The analysis we conducted used tissue biopsies obtained from the region of the splenic flexure, but the polyps we found were distributed across the entire length of the colon and rectum. In other words, the normal tissue biopsies in which we measured folate concentration were not necessarily adjacent to the polyps that defined our endpoints. In fact, the site where the association of polyps with the tissue folate concentration was strongest, the proximal colon, was by definition distant from the location of the tissue biopsies. This suggests that the association we observed was the result a generalized field effect, that low concentration of folate in the normal mucosa of the colon in general predisposed the proximal colon to risk of adenoma or hyperplastic polyp.
One complication to this conclusion of a field effect is the cross-sectional nature of the study design. Given that tissue folate concentration was assessed at the same time as the polyps were identified, it is impossible to determine conclusively which preceded the other. That said, it seems unlikely that these small lesions in asymptomatic women at average risk of colorectal cancer could produce changes in folate concentration in normal tissue elsewhere in the colon.

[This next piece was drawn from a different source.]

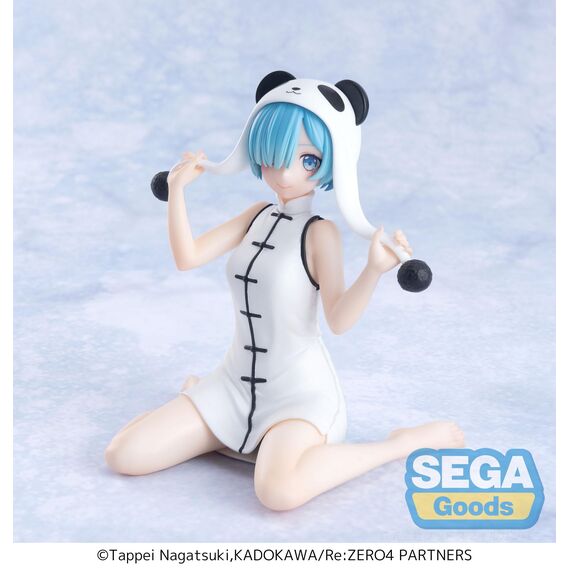 RE ZERO - Rem "Panda" - Figure Yumemirize cm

Finally, results from some recent supplement trials have raised concern about the possibility of a paradoxical cancer-promoting effect of high-dose folate, and that issue may have relevance in the present study. [33
] We considered this possibility in our analyses but found no evidence that such an effect was present in this study population (data not shown). Its absence in our dataset was, in retrospect, not surprising since more than 95% of the subjects were consuming less than 940 µg of folate per day. Given that the paradoxical cancer-promoting effect has been observed only in people who are receiving exceptionally high amounts of folic acid on a habitual basis, the level of intake in the CONCeRN Study population is likely far below the threshold at which we might expect to observe this cancer-promoting effect.
In summary, we found that concentrations of folate in normal colonic mucosa were inversely though modestly associated with prevalent adenomatous polyps in asymptomatic women undergoing screening colonoscopy. Even more interestingly, if we defined the outcome to include those polyps most likely to be CIMP-related, and hence to polyps where aberrant methylation is most directly relevant, we also saw significant inverse associations with tissue concentrations of folate. Any other definitions of the outcome, definitions that included large numbers of polyps that were unlikely to be CIMP-related, resulted in null associations. These findings, though they are not definitive, are consistent with the hypothesis that risk factors for colorectal cancer may be specific to molecular subtype and in particular that folate status in colonic mucosa is an exposure that is etiologically important to CIMP cancers as distinct for other molecular subtypes.